The riches being made by investors in equities of the three quoted banks are ridiculously unbelievable. Up to close of business last week HSBC Malta shares are up YTD 76 per cent, Bank of Valletta shares are up YTD 53 per cent and Lombard Bank shares are up YTD 65 per cent.

These gains are in addition to the sizeable dividends which they have distributed. While all the banks reported a strong increase in operating profits, only possible, at least in part, due to their dominant position, nothing can really provide a strong argument for the size of the capital gains experienced.

In a very narrow and illiquid capital market like ours, the risk is greater for the market to over or under shoot beyond what is reasonable and sustainable. My personal feeling is that the market has now entered a distinctly overshooting range which discounts irrationally huge future profit growth of the three banks.

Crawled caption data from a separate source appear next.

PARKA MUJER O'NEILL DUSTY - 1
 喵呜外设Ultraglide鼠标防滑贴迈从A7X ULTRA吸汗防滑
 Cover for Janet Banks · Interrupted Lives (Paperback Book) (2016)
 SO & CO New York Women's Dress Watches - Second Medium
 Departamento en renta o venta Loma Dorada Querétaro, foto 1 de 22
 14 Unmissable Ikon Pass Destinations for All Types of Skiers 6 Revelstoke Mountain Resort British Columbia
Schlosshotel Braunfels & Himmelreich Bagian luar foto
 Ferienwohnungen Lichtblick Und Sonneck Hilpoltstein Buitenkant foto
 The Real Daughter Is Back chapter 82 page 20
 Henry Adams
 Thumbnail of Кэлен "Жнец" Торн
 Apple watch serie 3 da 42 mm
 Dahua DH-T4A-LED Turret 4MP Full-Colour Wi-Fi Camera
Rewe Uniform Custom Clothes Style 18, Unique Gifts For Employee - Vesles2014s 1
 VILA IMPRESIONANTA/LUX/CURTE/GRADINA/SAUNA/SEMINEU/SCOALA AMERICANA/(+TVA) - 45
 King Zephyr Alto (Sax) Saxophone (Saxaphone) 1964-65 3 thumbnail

Investors had better beware and ask themselves by what logic is the HSBC Malta share price trading at 23 times earnings per share, when HSBC’s parent’s share price trades internationally at 12.7 times earnings, as do most shares of other strong and highly profitable international banks.

Which serious bank is going to invest in the Bank of Valletta privatisation at these high multiples?

One could irresponsibly argue that the market knows best and that the market is always right. But even if one does that, the point arises whether such speculative riches should continue to go untaxed when others are suffering factory closure rags.

Taxation is a delicate matter and should not be tampered with to suit particular circumstances, because it could destroy the confidence that is so necessary to safeguard the integrity of our financial markets. But the argument for higher taxation of banks that are registering profit growth through the strength of their dominant position is growing stronger. If not a windfall tax – which I dislike – then a special profit surtax for operators who enjoy a dominant position should certainly be within the realms of the possible.


Sunday, 13 November 2005

How to make simple things complicated

The Malta Independent on Sunday

I am always extremely suspicious when budget measures get immediately revised, refined or, more exactly, re-fudged. It shows insufficient foresight and inability to think through such measures before they are announced. Typical is Labour’s 1998 hikes in utility tariffs which shortly after being announced were opened for revision through endless negotiations with the unions.

When such measures are tax related than the fudge is bigger. Because taxation is a delicate matter. Effective, fair and understandable taxation depends on consistency of principles and equity in treating taxpayers equally and fairly. If taxation policies start discriminating amongst tax payers in an irrational manner then taxation loses its moral authority and evaders will even find moral justification for their wrong-doing. Such fudges unfailingly give a boost to tax evasion.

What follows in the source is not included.